Simulation of Impact of PET venturi tube with rigid floor

 

Date: Tuesday, May 07, 2013
Designer: Ammar Aziz                                                                                                           Study name: Impact testing by Ammar                                                                             Analysis type: Drop Test

Disclaimer: The results of this simulation can not be used for any practical implementation.

Solid Body
Document Name and Reference	Treated As	Volumetric Properties	Document Path/Date Modified
Venturi Impact	Solid Body	Mass:0.190265 kg Volume:0.00013399 m^3 Density:1420 kg/m^3 Weight:1.8646 N	May 07 12:56:49 2013

 

Study Properties

Study name	Venturi Impact
Analysis type	Drop Test
Mesh type	Solid Mesh
Large displacement	On
Result folder	SolidWorks document

 

Setup Information

Type	Drop height
Drop Height from Centroid	2000 mm
Gravity	9.81 m/s^2
Gravity Reference	Top Plane
Friction Coefficient	0
Target Stiffness	Rigid target
Critical Damping Ratio	0

Drop height is selected from the automatically detected geometric center of tube to the floor surface. So please not confuse this length with the distance between the lower portion of tube and floor surface 

Also the friction between the tube and floor is neglected. This assumption is based on another assumption that tube is falling perfectly vertically, so that there is no side thrust which enhances the friction process during the impact.
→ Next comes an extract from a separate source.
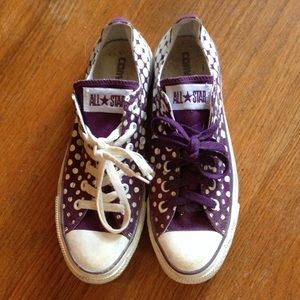 Polka dot converse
The floor is assumed to be rigid. It implies all the potential energy of the tube is dissipated into the floor without any rejection of energy by floor back to tube.

 

Result Options

Solution Time After Impact	130.7 microsec
Save Results Starting From	0 microsec
No. of Plots	25
No. of Graph Steps Per Plot	20
Number of vertex	0

The simulated result span is b/w time of impact to 130 lacth second after the impact

Units

Unit system:	SI (MKS)
Length/Displacement	mm
Temperature	Kelvin
Angular velocity	Rad/sec
Pressure/Stress	N/mm^2 (MPa)

Material Properties

Model Reference	Properties	Components
	Name: PET Model type: Linear Elastic Isotropic Default failure criterion: Unknown Tensile strength: 5.73e+007 N/m^2 Compressive strength: 9.29e+007 N/m^2 Elastic modulus: 2.96e+009 N/m^2 Poisson's ratio: 0.37 Mass density: 1420 kg/m^3	SolidBody 1(Shell3)(venturi tube)

The model is assumed to be linear elastic and isotropic. It implies Hook’s law is valid during the entire simulation. Elastic modulus of material is approximately 3GPa.

 

Mesh Information

Mesh type	Solid Mesh
Mesher Used:	Standard mesh
Automatic Transition:	Off
Include Mesh Auto Loops:	Off
Jacobian points	4 Points
Element Size	0.00511862 m
Tolerance	0.000255931 m
Mesh Quality	High

Mesh Information - Details

Total Nodes	13311
Total Elements	15359
Maximum Aspect Ratio	5.3887
% of elements with Aspect Ratio < 3	99.5
% of elements with Aspect Ratio > 10	0
% of distorted elements(Jacobian)	0
Time to complete mesh(hh;mm;ss):	00:00:21

It is a fine mesh with no distorted element. All the elements are less than aspect ratio of 3. Approximately 13 thousand nodes. So a good solution is expected.

Study Results

Name	Type	Min	Max
Stress1	VON: von Mises Stress	1.50947 N/mm^2 (MPa) Node: 1927	35.3117 N/mm^2 (MPa) Node: 7042

As the maximum stress generated due to impact is approximately 35 MPa which is well below the tensile strength of 3GPa. So our model is safe. But the neck is critical is the tube falls from more high heights.

Name	Type	Min	Max
Strain1	ESTRN: Equivalent Strain	0.000561001 Element: 2362	0.00995434 Element: 3707

Conclusion:

you can see the most sensitive location is the neck of venturi tube if it falls from certain height vertically according to above scheme.

Disclaimer:

This simulation is just to describe the capability of solid works to simulate the impact test. Also it encourages the sound theoretical knowledge development.